Background Pony #7A9D
@Ebalosus  
It’s not just quality control, though it’s true that Remington has had severe QC problems going back to the late 1980s. It’s a lack of innovation, a lack of vision, a lack of new products–and horrible choices in the new products they chose. Like the Remington RP9 pistol, a full size 9mm service pistol, that was two decades late to a saturated market, with severe reliability problems. Like the Remington-branded AR10 and AR15 rifles, again decades late to a saturated market, which everyone knew instantly were rebranded DPMS products at a 100% markup, with all the QC and metallurgical baggage associated with the DPMS (“Doesn’t Pass Mil Specs”) brand name.
 
They managed to screw up the 870 pump shotgun, that they’ve been making 60 years now.
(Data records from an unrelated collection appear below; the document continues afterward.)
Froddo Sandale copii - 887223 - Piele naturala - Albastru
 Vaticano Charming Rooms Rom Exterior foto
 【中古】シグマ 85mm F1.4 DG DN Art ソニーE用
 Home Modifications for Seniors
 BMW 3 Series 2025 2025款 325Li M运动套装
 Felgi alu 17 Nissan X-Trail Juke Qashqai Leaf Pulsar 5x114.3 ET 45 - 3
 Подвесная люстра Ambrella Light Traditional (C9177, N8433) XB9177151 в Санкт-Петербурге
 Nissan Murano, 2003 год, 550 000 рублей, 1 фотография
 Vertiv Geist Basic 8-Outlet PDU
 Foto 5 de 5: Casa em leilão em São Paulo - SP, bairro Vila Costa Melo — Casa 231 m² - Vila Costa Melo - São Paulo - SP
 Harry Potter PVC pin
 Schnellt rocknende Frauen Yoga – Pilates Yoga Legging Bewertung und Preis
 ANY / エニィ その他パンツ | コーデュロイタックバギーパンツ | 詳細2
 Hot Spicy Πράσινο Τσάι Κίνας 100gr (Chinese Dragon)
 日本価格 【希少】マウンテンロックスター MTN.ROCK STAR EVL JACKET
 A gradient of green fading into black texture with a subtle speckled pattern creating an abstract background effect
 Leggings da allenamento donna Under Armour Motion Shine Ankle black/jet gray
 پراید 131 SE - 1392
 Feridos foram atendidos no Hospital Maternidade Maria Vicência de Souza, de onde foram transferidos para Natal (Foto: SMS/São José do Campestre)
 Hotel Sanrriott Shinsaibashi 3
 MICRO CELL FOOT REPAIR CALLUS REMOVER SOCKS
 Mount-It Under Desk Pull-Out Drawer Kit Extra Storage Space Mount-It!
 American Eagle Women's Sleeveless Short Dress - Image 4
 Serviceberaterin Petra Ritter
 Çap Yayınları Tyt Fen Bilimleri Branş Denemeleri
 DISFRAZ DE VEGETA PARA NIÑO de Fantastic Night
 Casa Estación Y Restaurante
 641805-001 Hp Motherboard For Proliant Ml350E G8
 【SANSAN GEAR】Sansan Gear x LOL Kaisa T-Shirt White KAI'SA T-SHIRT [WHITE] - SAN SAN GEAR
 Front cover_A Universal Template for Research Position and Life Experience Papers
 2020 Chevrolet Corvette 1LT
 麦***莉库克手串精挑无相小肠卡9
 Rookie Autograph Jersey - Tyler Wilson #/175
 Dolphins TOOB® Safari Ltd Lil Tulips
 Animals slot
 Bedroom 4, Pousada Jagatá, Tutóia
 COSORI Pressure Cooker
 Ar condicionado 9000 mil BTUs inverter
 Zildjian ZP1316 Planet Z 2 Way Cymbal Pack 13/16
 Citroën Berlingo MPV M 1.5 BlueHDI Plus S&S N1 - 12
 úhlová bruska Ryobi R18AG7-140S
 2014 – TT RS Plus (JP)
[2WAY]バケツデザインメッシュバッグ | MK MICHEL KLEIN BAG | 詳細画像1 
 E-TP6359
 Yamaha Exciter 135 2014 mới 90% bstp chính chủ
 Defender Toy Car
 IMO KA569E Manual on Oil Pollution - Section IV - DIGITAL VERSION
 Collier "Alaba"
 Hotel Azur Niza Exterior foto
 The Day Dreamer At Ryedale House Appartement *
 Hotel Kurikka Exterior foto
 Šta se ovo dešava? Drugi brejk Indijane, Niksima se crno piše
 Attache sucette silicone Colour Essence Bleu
How do you screw up a pump shotgun? Well, big sharp burrs in the chamber caused extraction problems in the cheap “Express” model I bought a few years back, and rather than send it back to the people who thought it was good enough to ship, I had a gunsmith hone out the chamber. Since then it’s worked fine, but how did it leave the factory like that? Pump shotguns are pretty much perfected technology. We’ve been building them since the Victorian Era. When you take it out of the box it should Just Work, and if it doesn’t they should not ship it.